Restricted Thesis: Campus only access

Degree Name

Bachelor of Science


Biochemistry & Molecular Biol.

First Advisor

Dr. Lisa Gentile


The ionotropic glutamate receptor family is composed of four unique classes of transmembrane channels: α-amino-3-hydroxy-5-methyl-4-isoxazolepropionic acid (AMPA), N-methyl-D- aspartate (NMDA), kainate and delta. This family of ligand-gated ion channels requires the binding of glutamate (in addition to glycine for NMDA receptors) to allow an influx of cations into the post-synaptic neuron. Like any cellular process, the excitatory pathway of ionotropic glutamate receptors is highly regulated through internal mechanisms. The endogenous neurosteroids pregnenolone sulfate (PS) and 3α-hydroxy-5β-pregnan-20-one sulfate (PREGAS) are nearly identical structurally, yet differentially regulate certain ionotropic glutamate receptors allosterically upon their binding. Electrophysiology research has shown that while PS has a potentiating effect on NMDA receptors containing GluN2A or GluN2B subunits, the same neurosteroid has an inhibitory effect on non-NMDA receptors and NMDA receptors instead containing GluN2C or GluN2D subunits. Furthermore, PREGAS inhibits the entire ionotropic glutamate receptor family regardless of subunit composition.
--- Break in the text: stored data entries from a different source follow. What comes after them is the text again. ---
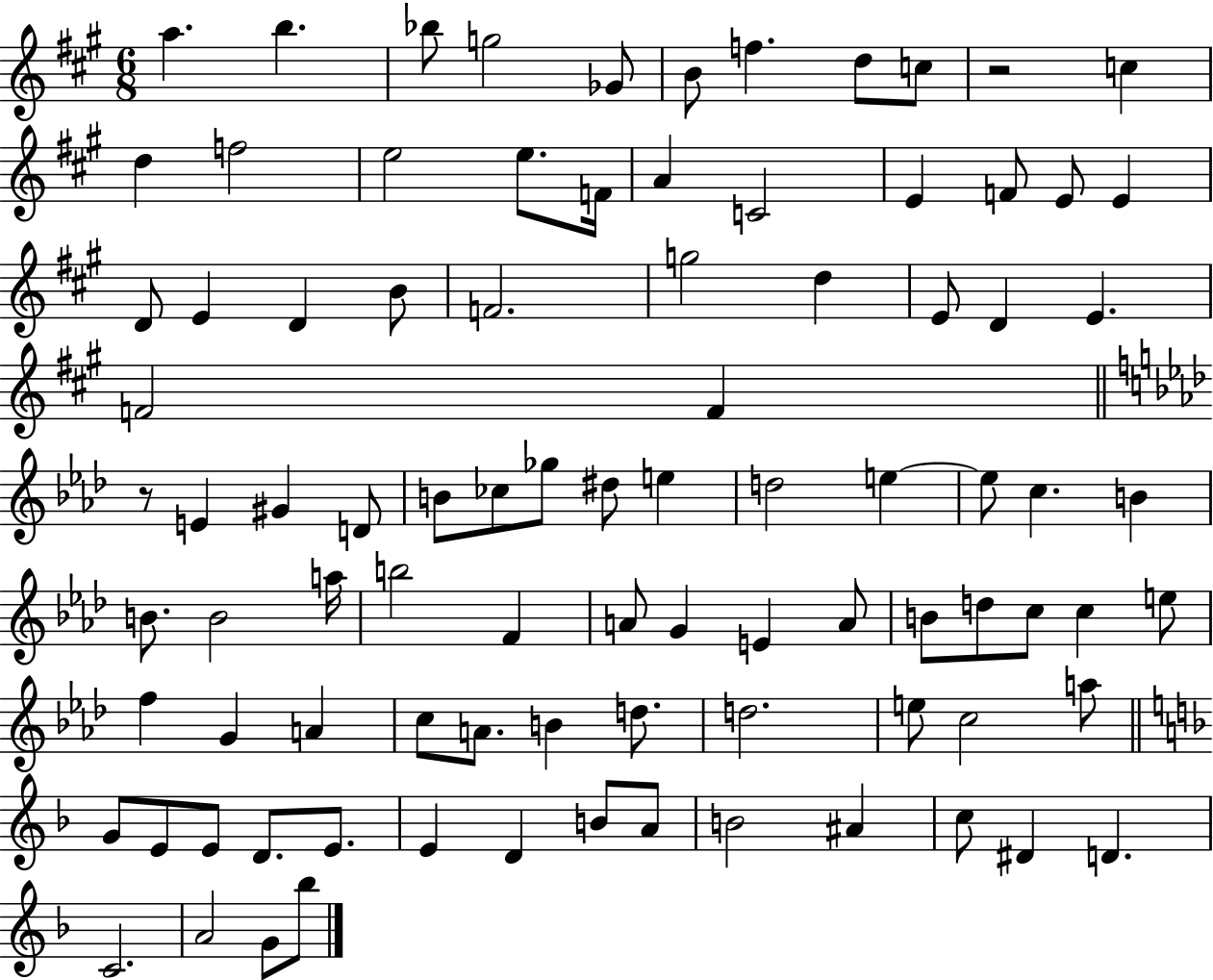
X:1
T:Untitled
M:6/8
L:1/4
K:A
a b _b/2 g2 _G/2 B/2 f d/2 c/2 z2 c d f2 e2 e/2 F/4 A C2 E F/2 E/2 E D/2 E D B/2 F2 g2 d E/2 D E F2 F z/2 E ^G D/2 B/2 _c/2 _g/2 ^d/2 e d2 e e/2 c B B/2 B2 a/4 b2 F A/2 G E A/2 B/2 d/2 c/2 c e/2 f G A c/2 A/2 B d/2 d2 e/2 c2 a/2 G/2 E/2 E/2 D/2 E/2 E D B/2 A/2 B2 ^A c/2 ^D D C2 A2 G/2 _b/2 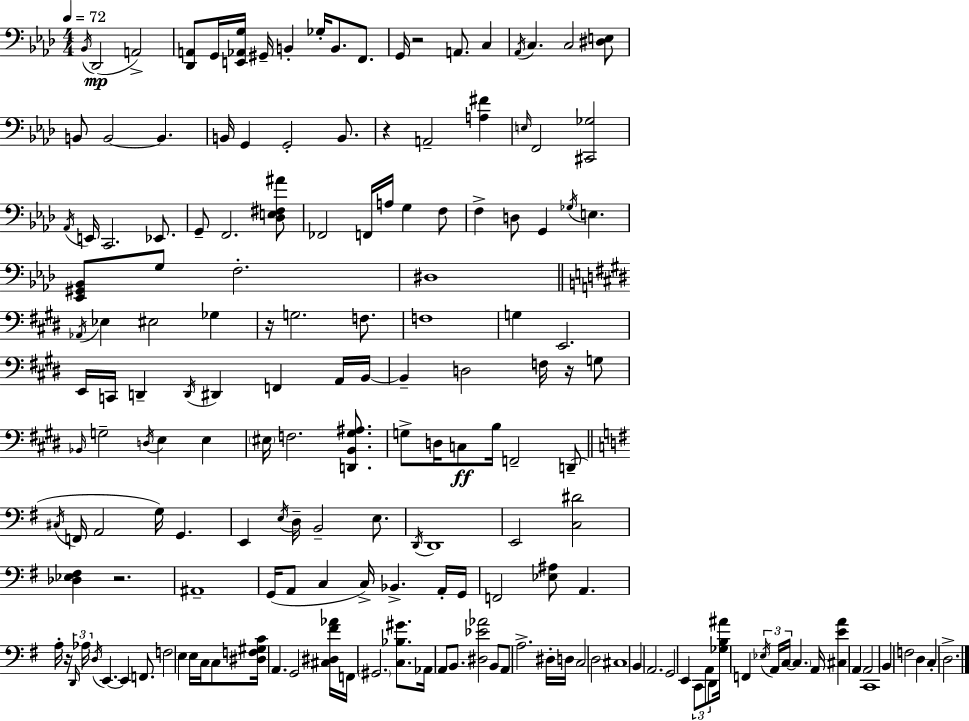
X:1
T:Untitled
M:4/4
L:1/4
K:Fm
_B,,/4 _D,,2 A,,2 [_D,,A,,]/2 G,,/4 [E,,_A,,G,]/4 ^G,,/4 B,, _G,/4 B,,/2 F,,/2 G,,/4 z2 A,,/2 C, _A,,/4 C, C,2 [^D,E,]/2 B,,/2 B,,2 B,, B,,/4 G,, G,,2 B,,/2 z A,,2 [A,^F] E,/4 F,,2 [^C,,_G,]2 _A,,/4 E,,/4 C,,2 _E,,/2 G,,/2 F,,2 [_D,E,^F,^A]/2 _F,,2 F,,/4 A,/4 G, F,/2 F, D,/2 G,, _G,/4 E, [_E,,^G,,_B,,]/2 G,/2 F,2 ^D,4 _A,,/4 _E, ^E,2 _G, z/4 G,2 F,/2 F,4 G, E,,2 E,,/4 C,,/4 D,, D,,/4 ^D,, F,, A,,/4 B,,/4 B,, D,2 F,/4 z/4 G,/2 _B,,/4 G,2 D,/4 E, E, ^E,/4 F,2 [D,,B,,^G,^A,]/2 G,/2 D,/4 C,/2 B,/4 F,,2 D,,/2 ^C,/4 F,,/4 A,,2 G,/4 G,, E,, E,/4 D,/4 B,,2 E,/2 D,,/4 D,,4 E,,2 [C,^D]2 [_D,_E,^F,] z2 ^A,,4 G,,/4 A,,/2 C, C,/4 _B,, A,,/4 G,,/4 F,,2 [_E,^A,]/2 A,, A,/4 z/4 D,,/4 _A,/4 D,/4 E,, E,, F,,/2 F,2 E, E,/4 C,/4 C,/2 [^D,F,^G,C]/4 A,, G,,2 [^C,^D,^F_A]/4 F,,/4 ^G,,2 [C,_B,^G]/2 _A,,/4 A,,/2 B,,/2 [^D,_E_A]2 B,,/2 A,,/2 A,2 ^D,/4 D,/4 C,2 D,2 ^C,4 B,, A,,2 G,,2 E,, C,,/2 A,,/2 D,,/2 [_G,B,^A]/4 F,, _E,/4 A,,/4 C,/4 C, A,,/4 [^C,EA] A,, A,,2 C,,4 B,, F,2 D, C, D,2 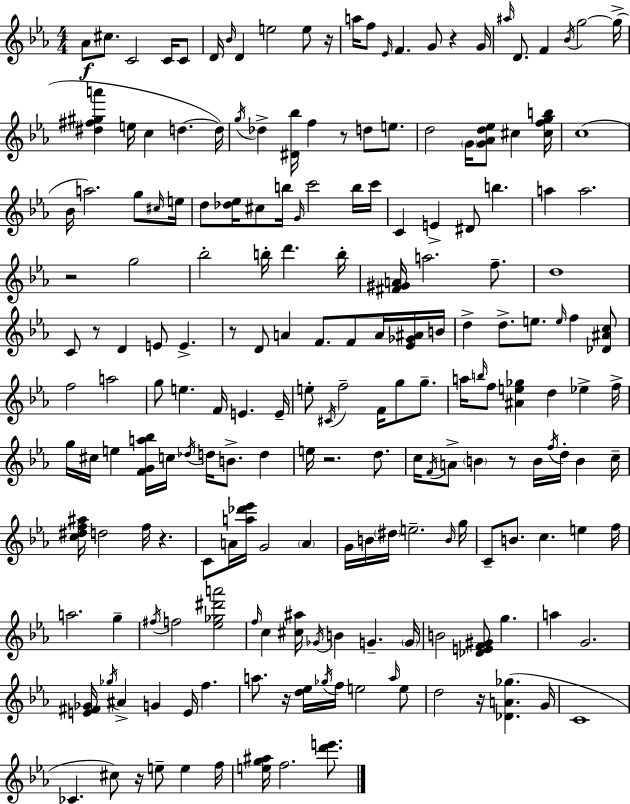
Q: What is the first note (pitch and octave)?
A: Ab4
In this paper, results are presented that, when combined with prior studies in our lab, aim to elucidate the dissimilar regulatory properties of the neurosteroids PS and PREGAS on NMDA receptors. The research described here is focused on the extracellular amino terminal domain (ATD) of GluN2B, one of four NMDA GluN2 subunits. Intrinsic fluorescence spectroscopy shows that both neurosteroids bind to the GluN2B ATD. In addition, PS and PREGAS have similar binding affinities for this subunit domain, as determined from their respective dissociation constants (KD). Site-directed mutagenesis suggests that PS and PREGAS bind to different sites on the GluN2B ATD, with PS conceivably binding in the known ifenprodil binding site. The binding of PS and PREGAS on the GluN2B ATD is characterized here in an effort to provide results that will add to the scholarship of compounds being designed and investigated for usage in treating mental illness and neurological disease states.